您老什麼時候講過道理來著?眾官吏心中暗罵,口中卻只有唯唯諾諾。唯恐說錯了半個字,惹得張大王發火,將眾人的心肝挖去做下酒菜。好在張家軍正忙著趕路,僅僅在城內停留了一個時辰,便匆匆而去。臨行前,順手將市署、府庫裡準備上繳給朝廷的銅錢和米糧洗劫一空。

損失的那些財物,都能從大戶和百姓頭上再刮出來,並不足以令地方官員們撓頭。但如何向朝廷彙報,卻讓大夥徹底為難了。按張金稱說的寫吧,未免吹得太過,謊言萬一被人捅破,眾人性命難保。可說是不戰而降吧,按大隋律例,好像也是個死罪。沒死在張金稱手裡卻被朝廷給剁了腦袋,做這種傻瓜也實在需要些勇氣。商量來商量去,終於有一個書吏想出了個好主意。建議郡守大人以不變應萬變,就當大夥集體做了一場白日夢,事實上什麼事情都沒發生過。反正如今天下變亂紛紜,未喪城失地,就不會引起朝廷的太多注意力。只要大夥自己不主動上報,無論是京師還是東都,誰還會派人查查張金稱是否進入過龍岡城?除非朝中大佬們閒的蛋疼!

眾官員聞聽此計,紛紛叫好。立刻派遣衙役張貼布告,安撫百姓,嚴禁傳播流言蜚語,更不準大白天說夢話,否則定以從賊罪論處。把百姓們嚇唬住後,又匆匆忙忙寫了幾封信,快馬送往周邊各郡。以同僚的名義提醒各郡官吏,張金稱傾巢而出,剛剛「繞」過龍岡,請大夥小心謹慎。

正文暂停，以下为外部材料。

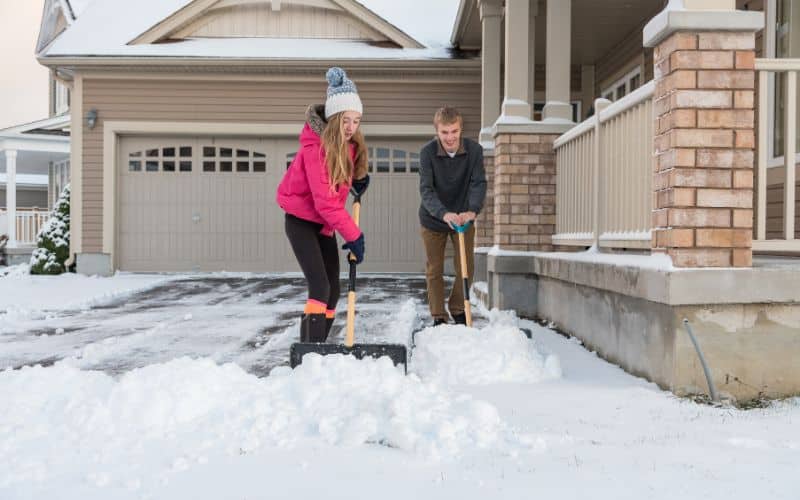 different strategies for preventing snow drifts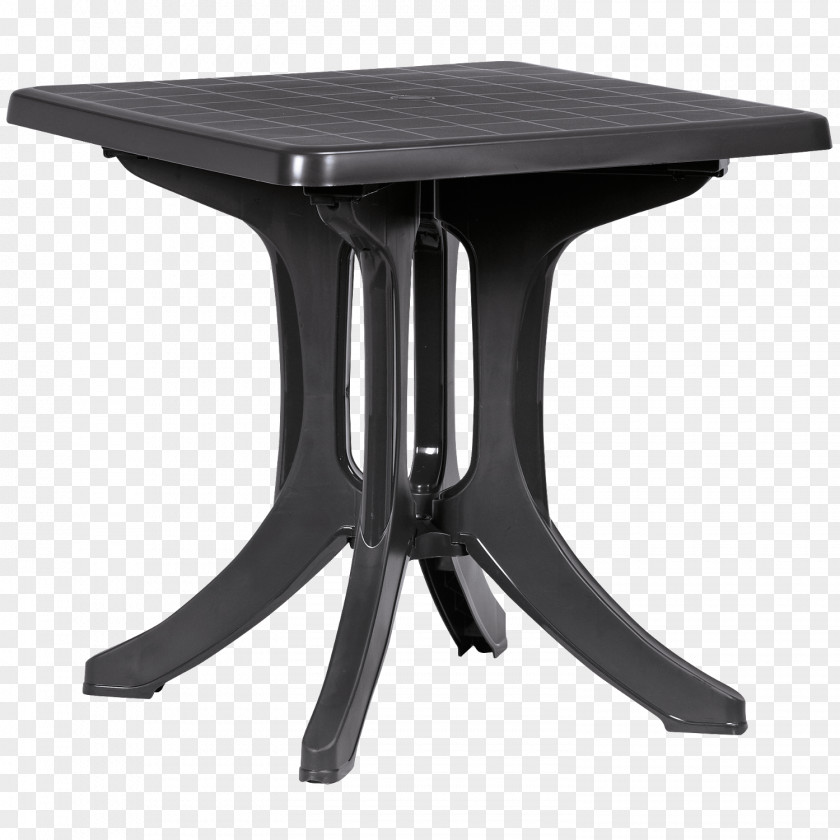 Table Furniture Garden Terrace Anthracite PNG
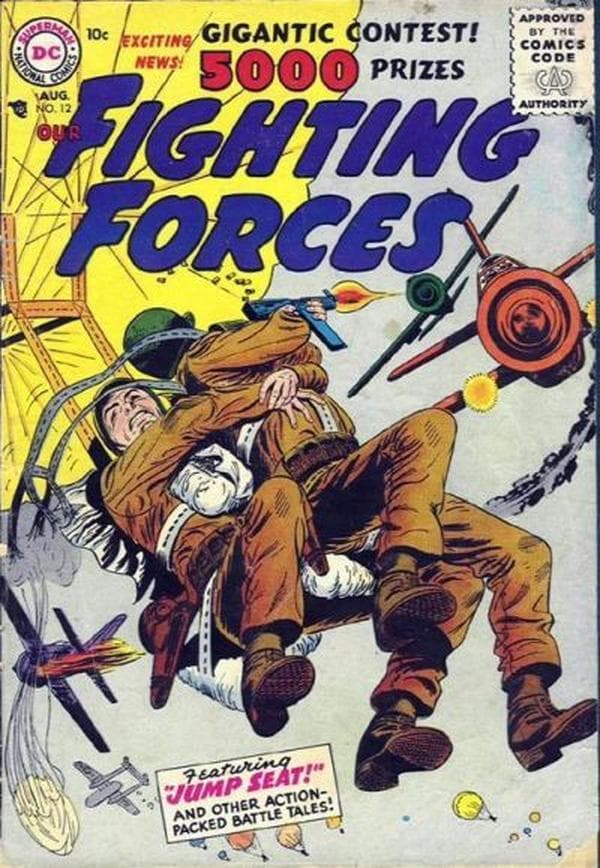 Our Fighting Forces #12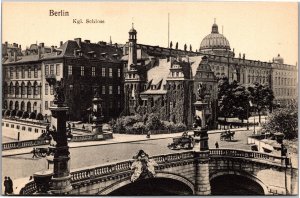 Postcard  Germany Berlin Palace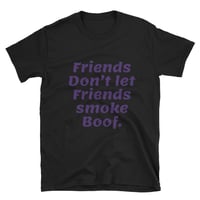 The Dank Face “Friends”  Black T-shirt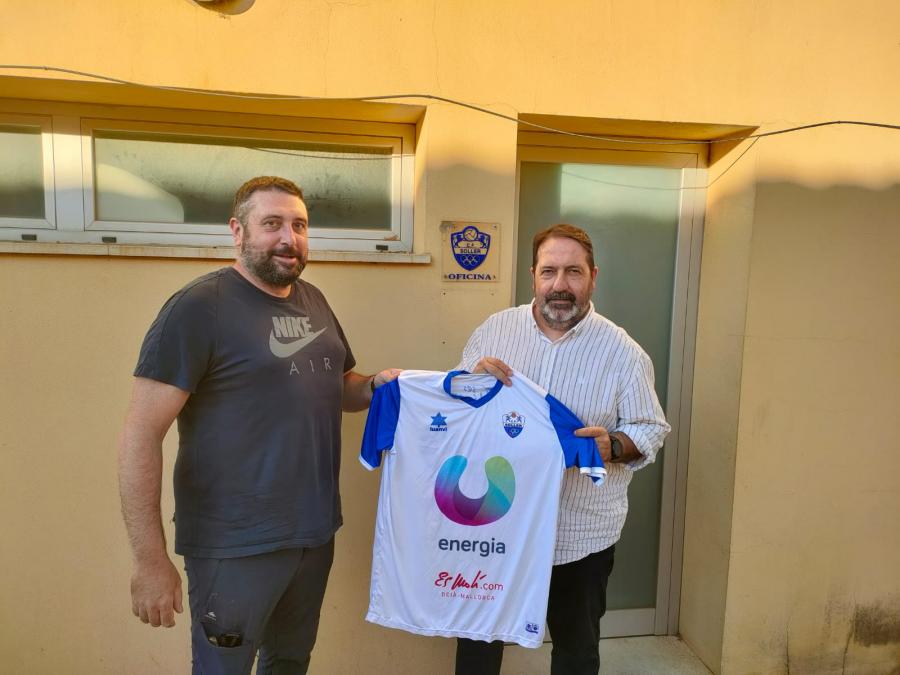 La presentació del nou entrenador solleric.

說來也怪,張金稱對內雖然禁止嘍囉們探聽此行去向,對外卻毫不提防。有一撥襄國郡的信使幾乎就在他眼皮底下快馬加鞭地跑了過去,他既不阻攔,過後也不派人去追。任由張家軍出澤的訊息以風一般的速度傳開。

大軍迤邐南行,越沙河、翻磐山。一路上凡是按時繳納了保安費的城池、堡寨,敲打一下便走。對那些不肯繳納「保安」費的寨子、堡壘,則血戰而下,徹底將其燒成白地。就這樣打打停停地走了小半個月,攪得整個河北南部的各郡縣一日三驚,大白天都不敢開城門放百姓進出。正在各郡將士枕戈待旦的時候,張家軍卻突然又失去了繼續劫掠的興趣,在武安郡和魏郡的交界處,撿了個名叫滏山的廢棄要塞駐紮了下來。

滏山地處太行支脈,上窺武安,俯覽魏郡,地勢十分險要。萬一張家軍哪天玩得高興,稍不留神就可以逆著濁漳水穿過太行,直接殺進河東上黨郡去。這下,非但河北道南部的地方官員心中惶恐,河東郡南部的地方官員們也坐不住了。告急文書雪片一樣寫進東都去,請朝廷增加剿匪兵力,早日還地方以安靜。

「那朝中的狗官,真的會像咱們期望的一樣昏?」非但大隋的地方官員們忐忑不安,張金稱麾下的寨主們心裡也直犯嘀咕。此番主動出擊,大夥可是幾乎將鉅鹿澤中能打的戰兵全帶上了。而作戰目標卻非常邪乎,居然試圖把右武侯將軍馮孝慈從黎陽的高牆後逼出來,到地形不利於騎兵展開的滏山一帶進行決戰!

「管他呢,朝廷要是不肯幫忙,咱們這趟就算練兵了,反正澤地那邊有老二和娟子兩個帶兵看著,一時半會兒沒人攻得下!」張金稱生性樂天,絲毫不把大夥的擔心當回事。「他要是肯幫忙呢,咱們就在這太行山外給馮孝慈點兒顏色看看。也讓河北各地的老少爺們開開眼界,知道什麼樣的人才是真英雄,什麼樣的人是假把式,見了官軍只會撒丫子!」

後半句話逗得大夥轟然而笑。鉅鹿澤的弟兄素來對河北道綠林總瓢把子高士達不甚敬服,上一回高士達的心腹竇建德遇到馮孝慈不戰而走,但隨後鉅鹿澤眾弟兄卻拼了性命將馮孝慈從家門口趕回了黎陽。如果這回大夥真的把寶壓對了,順利砍下馮孝慈的腦袋,此後以實力為尊的綠林道上便不會再有什麼高大當家。各窪各寨的英雄豪傑紛紛投奔過來,鉅鹿澤的勢力必將一飛沖天。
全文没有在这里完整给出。